Give the listing again word for word, excluding the pictures it contains.

• Data excerpt:
--------------------------------

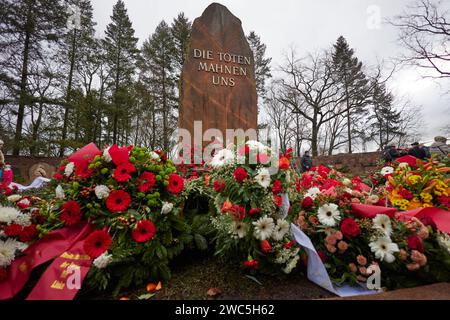 Berlin, Deutschland. Januar 2024. Zahlreiche Menschen legen Blumen an der Stille Gedenkstätte für Rosa Luxemburg und Karl Liebknecht zum 105. Jahrestag ihrer Ermordung an der sozialistischen Gedenkstätte in Berlin-Friedrichsfelde. Quelle: Jörg Carstensen/dpa/Alamy Live News Stockfoto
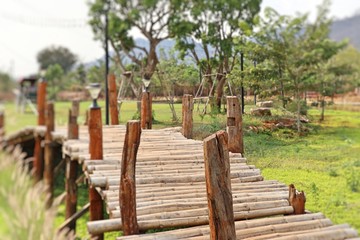 Bamboo bridge in nature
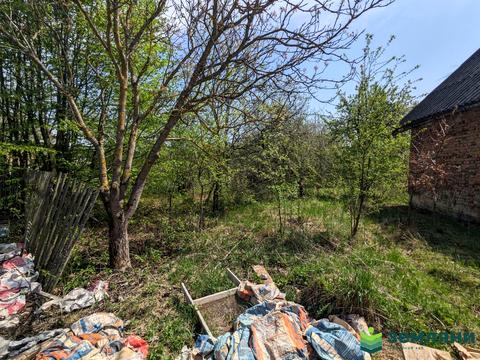 ділянка за адресою лісова казка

--------------------------------

• Solution to this exercise:
 Berlin, Deutschland. Januar 2024. Zahlreiche Menschen legen Blumen an der Stille Gedenkstätte für Rosa Luxemburg und Karl Liebknecht zum 105. Jahrestag ihrer Ermordung an der sozialistischen Gedenkstätte in Berlin-Friedrichsfelde. Quelle: Jörg Carstensen/dpa/Alamy Live News Stockfoto
 Bamboo bridge in nature
 ділянка за адресою лісова казка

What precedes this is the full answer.